EXERCISE INPUT:
--- START ---
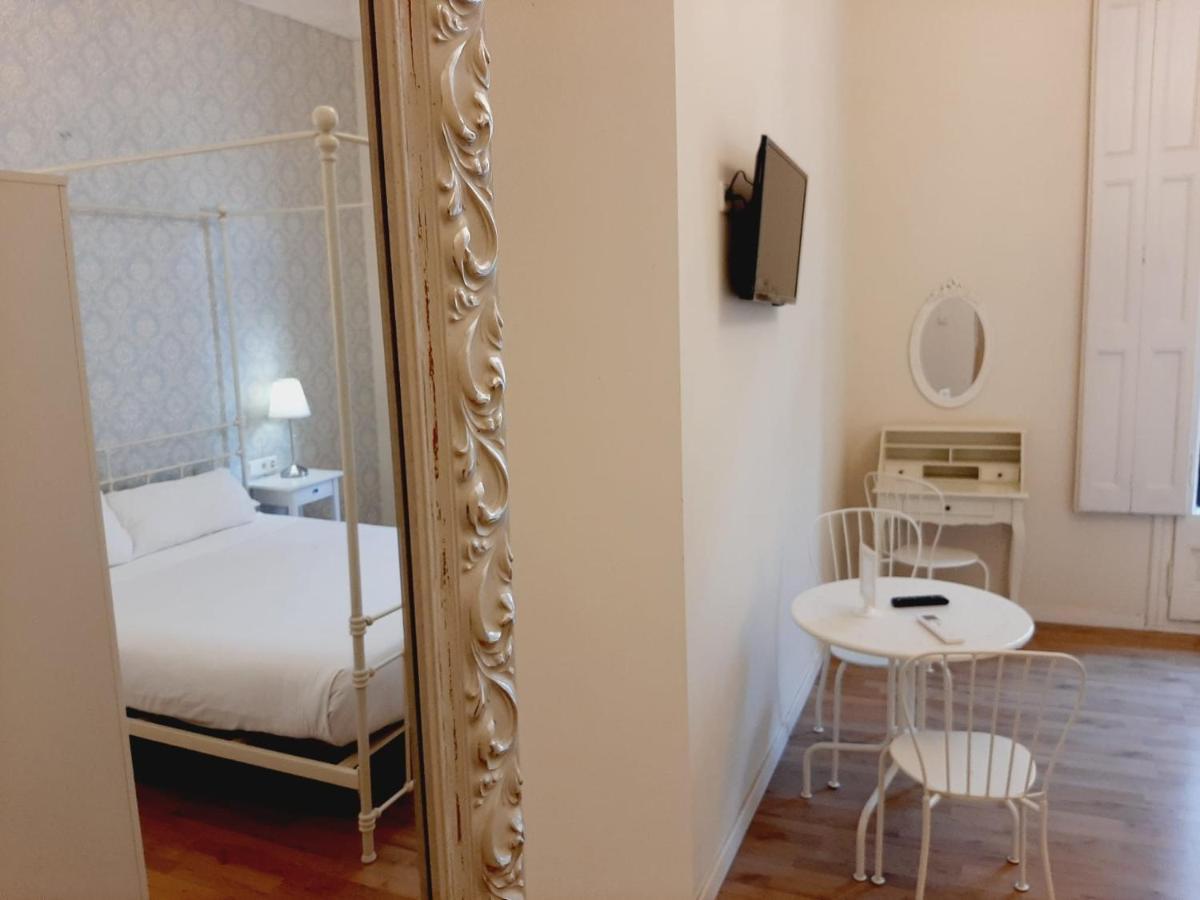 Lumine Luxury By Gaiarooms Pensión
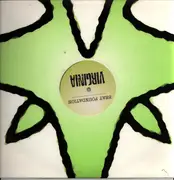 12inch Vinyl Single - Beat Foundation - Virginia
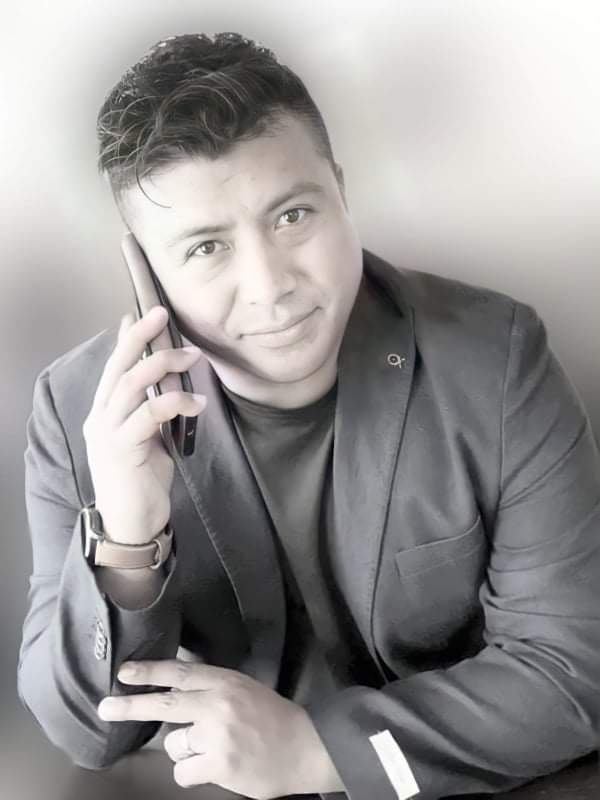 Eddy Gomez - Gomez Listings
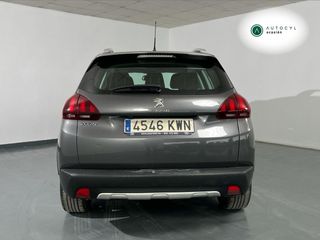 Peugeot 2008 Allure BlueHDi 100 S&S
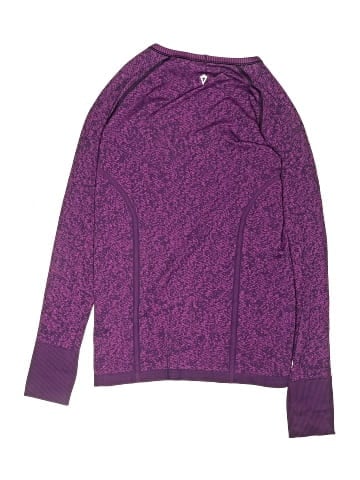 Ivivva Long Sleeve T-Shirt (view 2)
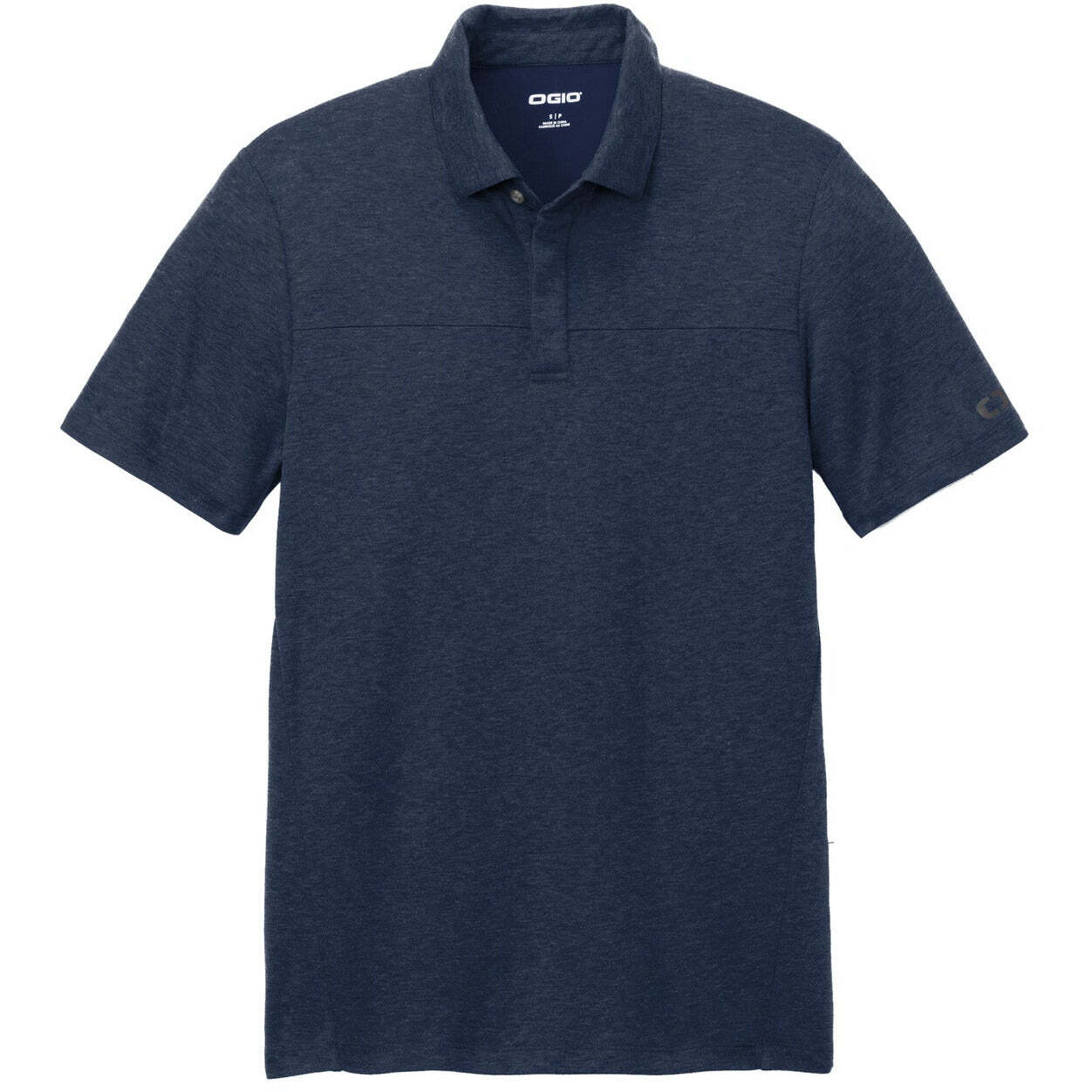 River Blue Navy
--- END ---
--- START ---
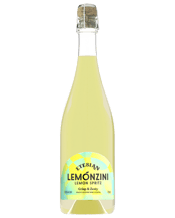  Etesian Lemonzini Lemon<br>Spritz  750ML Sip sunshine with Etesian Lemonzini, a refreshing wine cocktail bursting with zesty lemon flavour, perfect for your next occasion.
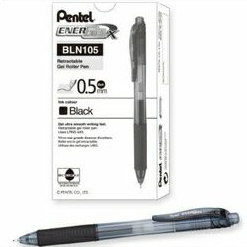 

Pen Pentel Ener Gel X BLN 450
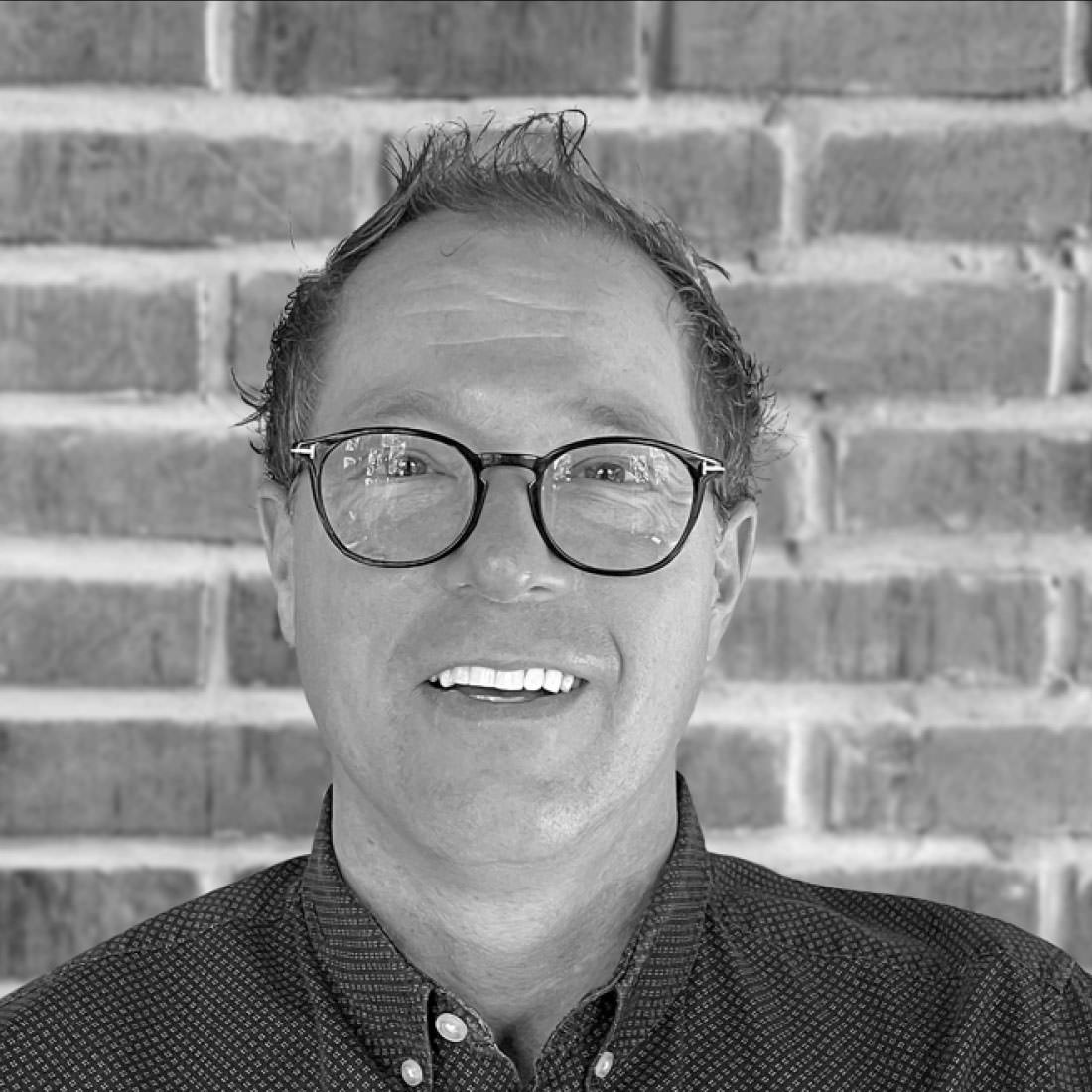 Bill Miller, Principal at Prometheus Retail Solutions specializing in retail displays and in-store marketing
--- END ---
BRIEF: Although the records above contain pictures, the copy should not; retype exactly the lines from the one containing "Etesian Lemonzini Lemon<br>Spritz" through the one containing "Bill Miller, Principal".

RESPONSE AREA:
  Etesian Lemonzini Lemon<br>Spritz  750ML Sip sunshine with Etesian Lemonzini, a refreshing wine cocktail bursting with zesty lemon flavour, perfect for your next occasion.

Pen Pentel Ener Gel X BLN 450
 Bill Miller, Principal at Prometheus Retail Solutions specializing in retail displays and in-store marketing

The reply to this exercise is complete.